A photograph of an adult puma was captured at 00:32 hours on September 16 near a dry river bed at an elevation of 1,680 m (Figure 2). In the same camera trap, we captured other species like ringtail (Bassariscus astutus), and grey fox (Urocyon cinereoargenteus); other cameras also recorded white tailed deer (Odocoileus virginianus) and coyote (Canis latrans). Distances to other capture sites were consistently reduced, from 34 km to 8 km, according to Euclidian distances.

Figure 2 Photograph of a wild Puma (Puma concolor) in the Sierra del Tentzo Protected Area. 

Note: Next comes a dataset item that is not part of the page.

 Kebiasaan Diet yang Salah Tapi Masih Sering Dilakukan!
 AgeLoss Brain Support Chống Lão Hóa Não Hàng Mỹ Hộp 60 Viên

Discussion and Conclusions

This record is noteworthy, as puma populations are expected to be distributed in a metapopulation structure in fragmented areas such as central Mexico (Miotto et al. 2012), and those limited by distance or habitat barriers would experience a limited gene flow (McRaer et al. 2005). We considered the existence of a metapopulation in the region, as the analysis showed that the distance between records previously obtained in Puebla (Figure 2; Ramírez-Bravo and Hernández-Santín 2016; Ramírez-Pulido et al. 2005; Velázquez et al. 2001) and in other states (Fuller et al. 2006; Soria-Díaz et al. 2010) is lower than the dispersal distances previously recorded for the species (Elbroch et al. 2009; Sweanor et al. 2000); however, further information is needed. The protected area closest to our study site inhabited by pumas is the Izta-Popo Nature Reserve, located 58 km away. Further sightings of the species were obtained between years 2008 and 2013 in the Mixteca Poblana in the southwest, and in the Tehuacán-Cuicatlán Biosphere reserve in the southeast, located at 73 km and 93 km from the study area, respectively (Ramírez-Bravo and Hernández-Santín 2016). Thus, our record suggests that Sierra del Tentzo could provide a suitable corridor for the dispersal of the species, as it is home to potential prey like white-nosed coati (Nasua narica), and white tailed deer (Odocoileus virginianus); additionally, this area has a low human density, and our puma record was captured 3 km away from the closest town (448 inhabitants). As a final recommendation, and as suggested for other fragmented areas with a urbanized matrix which hampers migration, it is imperative to maintain remnant forest fragments such as Sierra del Tentzo, which likely facilitate the dispersal of wild species (Miotto et al. 2012).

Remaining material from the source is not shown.